“It’s probably better if you don’t.” The dealership was long closed. I could picture Alan sitting in the darkened showroom, waiting for Irina to return the car. I had no idea if Irina would be inclined to cover for me, and if so, for how long. “I should probably go. Vero’s waiting for me.” We’d have to figure out what to do with the Aston Martin, then ask Ramón for a loaner until the van could be repaired. And who the heck knew what had become of Vero’s beloved Charger? “Hey, the kids and I are having dinner at my parents’ house on Saturday night. Do you want to come along? Delia and Zach have really missed you.”
Steven laughed, shaking his head. “So your mom can remind me what an asshole I am while she regales me with stories about your boyfriends over ham? No, thanks. I was actually thinking maybe I’d take a little time off. With the office gone and business pretty slow, I figured now might be a good time to visit my sister. You know, get out of town and lay low for a while. But maybe I could come by your place and see the kids tomorrow before I go?”
“Sure. They’d like that.”
“Finn,” he said, stopping me as I rolled up my window. His face sobered as he fidgeted with his gloves. “There’s something I’ve been meaning to talk to you about since the fire. About that safe word for the security system. It’s not that I’m holding out hope that we could ever fix things. It’s just … you and the kids … you’ve always been the one constant.”

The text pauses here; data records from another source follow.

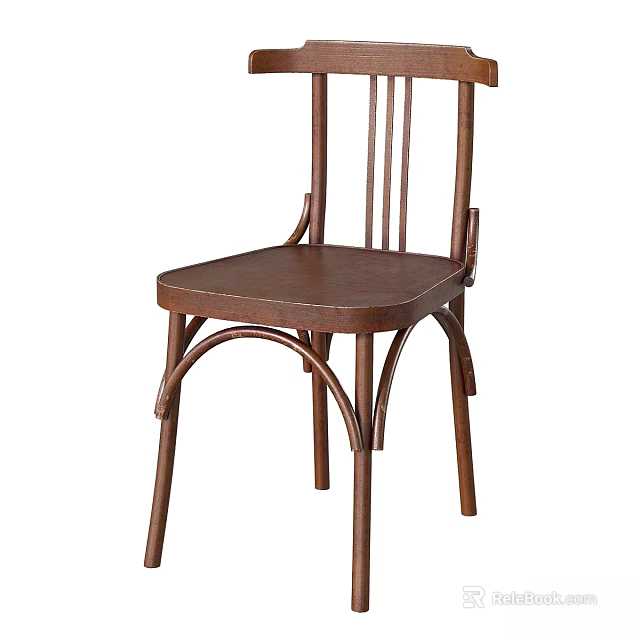 Classic Wooden Single Chair With Vertical Slat Back And Curved Legs 3d model 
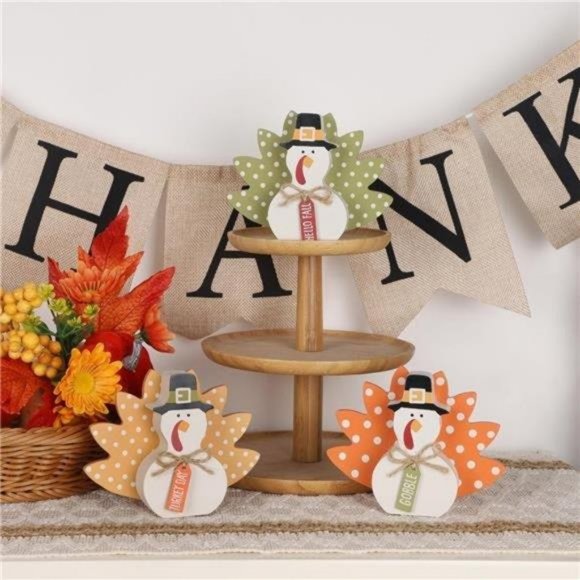 Thanksgiving Fall Decorations, Set of 3 Tabletop Turkey Decor Wood Table Sign - Picture 1 of 7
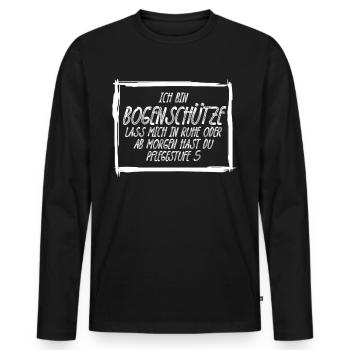 3D Bogensport Witz Bogenschießen - Männer Premium Bio Langarmshirt - Schwarz - Vorne - Nico (187cm)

“Even when you were buying the farm?” A thick silence fell. He hung his head. If Steven signed that contract with Ted and Carl while we’d still been married, then by law, a portion of that farm probably belonged to me. “Did Guy know?”
Steven gave a noncommittal shake of his head. “Guy’s a friend. He’s always been good about looking in the other direction.” He glanced up at me, shame naked on his face. Guy had probably known about a lot of things. “I’ll make this right, Finn. The assets, the custody, all of it.” There was a plea under the promise. A question he was too afraid to ask.
In some ways, Steven would always be a constant in my life, too, but he wasn’t a net I could safely fall back on. I wasn’t falling backward anymore. From now on, there was only falling forward. And if I had to pick a safe name of my own—someone I could count on to stick beside me, no matter how messy my life got—it’d be Vero’s.
“I know you will,” I said.
Steven patted the side of the car with a sad smile, waving as he watched me go.
* * *
A single light was on in the office window of Ramón’s garage. Vero held open the gate in the chain-link fence, directing me through it. The bay door at the back of the building was open, and Ramón waved me inside.
I climbed out of the Aston as Vero and Ramón circled the car. He sucked a tooth as he traced a bullet hole in the rear panel. His eyes lifted to his cousin’s, too many questions gleaming inside them. Questions neither of us would ever answer. He shook his head at the shattered window glass. “What the hell did you get yourself into this time, Veronica?”
“Can you fix it?” she asked him.
Ramón opened the passenger door and leaned into the car. He dug a finger into the back of the headrest and dragged out a bullet. His jaw was hard-set as he tossed it to me. “It would take me days just to get the window glass, not to mention the paint. And that headrest will cost a fortune to replace, if I can even find one.”
“Maybe Javi knows somebody,” Vero suggested, following him around the car.
Ramón turned abruptly and leveled a finger at her. “I’m not breathing a word of this to Javi, and neither are you. You’re better off getting rid of it.”
“We can’t do that,” I said. “We borrowed it from a dealership. We have to return it.” Alan may have been bending rules for Irina by letting me take the keys, but this car was too valuable to go unnoticed by the dealer for long, and Irina’s interest in protecting me wasn’t without limits. “How long would it take you to fix it?”
He planted his hands on his hips, turning to face me. “That headrest is a problem. I’ve got a guy who might be willing to get his hands on one, but he’s not cheap.”
“We have cash,” I assured him.
“No,” Vero said quietly, “we don’t.” A cloud passed over her eyes. The same one that had flattened their shine when I’d told my mother Vero was handling my money and she would never let me grow old and broke. Vero gave a small shake of her head, silently begging me not to ask her about it here in front of Ramón.